One take-down that I did not touch on this year was the raid that Zack Whittaker of TechCrunch covered at the end of December 2018, when the FBI with assistance from the NCA, Dutch Nation Police and several companies were able to seize 15 stresser services. These services included some of the more notable attack platforms like Defcon.pro, Str3ssed.me, Bullstresser.net and downthem.org. Amid the major crackdown, an operator of eight DDoS-for-Hire platforms also pleaded guilty for his role in launching over 3 million DDoS attacks.

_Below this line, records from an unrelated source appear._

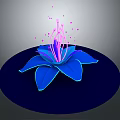 Blue Flower with Blue Petals Purple Stamen and Pink Dots on Dark Circular Base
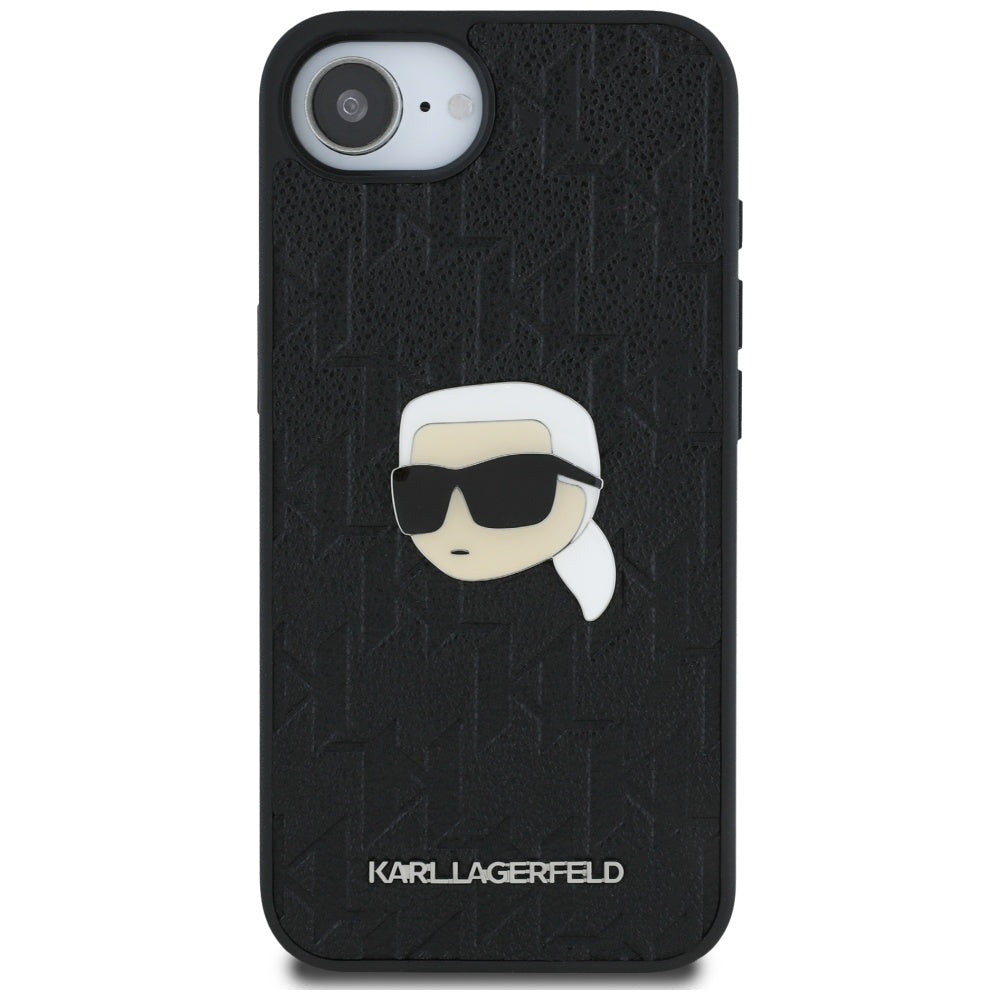 Futrola za Apple iPhone 16e, Karl Lagerfeld, Monogram Karl's Head, Crna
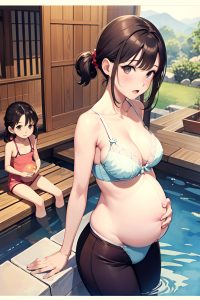 anime,pregnant,small tits,60s age,shocked face,brunette,straight hair style,light skin,watercolor,onsen,front view,eating,bra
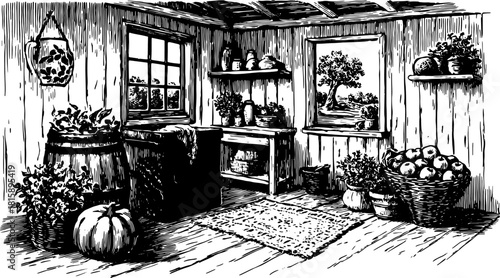 Vintage interior engraving of a cozy room. Features furniture and plants in a black-line drawing style. Vector illustration showcases traditional decor.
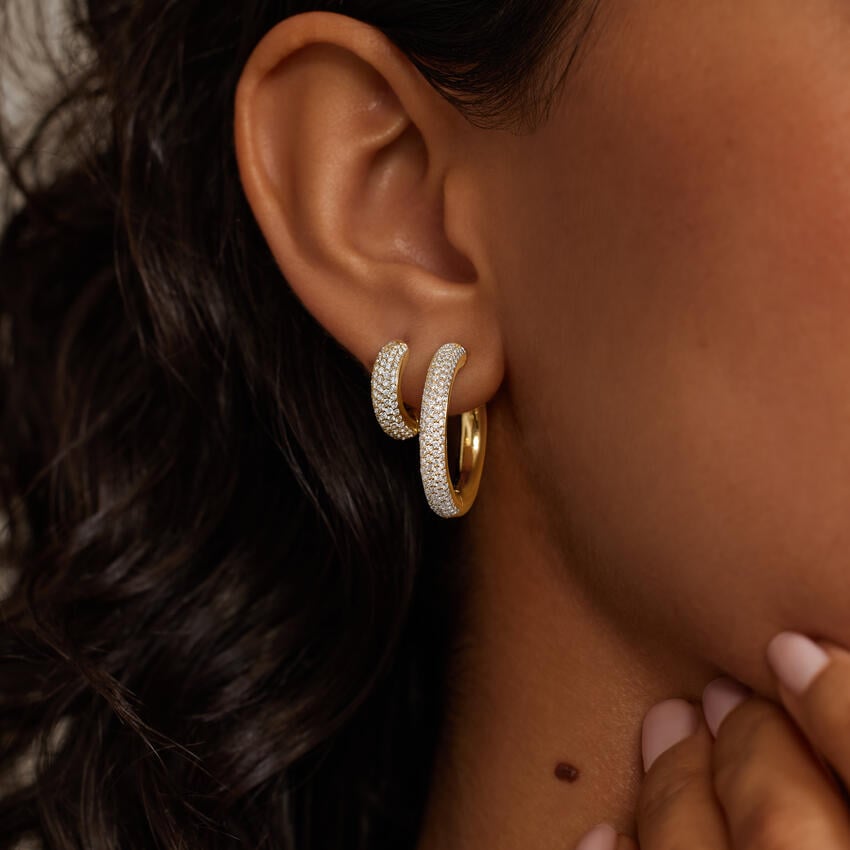 Lab Diamond Tube Huggie Earrings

Over the past year, the tactics and procedures used by authorities to take down criminals has shifted. While targeting the individual bothereder’s or operator running a stresser service serves its purpose, law enforcement is now focusing on targeting the source and those that profit from host these malicious activates. In a recent ZDNet article, Catalin Cimpanu covered the details of a raid against bulletproof hosting provider KV Solutions, a known malicious /24 that hosted several IoT botnets used to launch denial of service attacks.
In another recent large-scale raid, and a clear shift in targeting those that host malicious services, German cops raided cyberbunker 2.0, another bulletproof hosting provider that hosted everything from child pornography to notorious darknet markets like Cannabis Road, Wall Street Market and OrangeChemicals.
Other notable events from the past year include:
The escalation in the threat landscape continues to evolve into 2020. The public cloud is fully in scope for cybercriminals looking to compromise enterprise equipment. While cloud adoption is touted as a faster and easier solution for corporations, it’s clear that security is currently lacking and overlooked for performance and overall cost savings. As a result, more destructive Botnets and attack vectors are on their way in 2020 as criminals not only focus on resource-constrained IoT devices, but also look to target and infect powerful cloud-based servers.
If the growth of the attack landscape continues at this rate, we as security practitioners need to begin asking serious questions. Questions like, should we ban or limit the use of IoT devices, especially in the enterprise, until the risk has been mitigated?